What you should do: The listing below is to be duplicated exactly, with every picture omitted.

Given material:
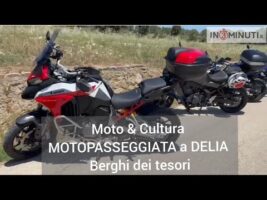 “Moto & Cultura” organizzato da Moto Club “Henna Centauri”, Sicilia Antica e il Comune di Delia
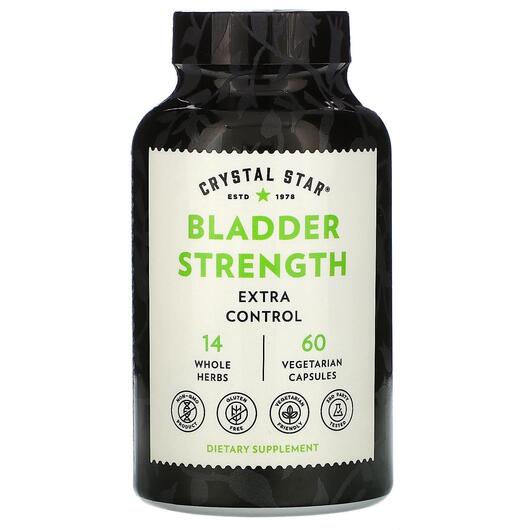 Основное фото товара Поддержка мочевого пузыря, Bladder Strength, 60 капсул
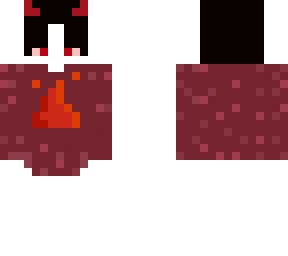 haunted crimson (sweater base + hair base)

Result of this task:
 “Moto & Cultura” organizzato da Moto Club “Henna Centauri”, Sicilia Antica e il Comune di Delia
 Основное фото товара Поддержка мочевого пузыря, Bladder Strength, 60 капсул
 haunted crimson (sweater base + hair base)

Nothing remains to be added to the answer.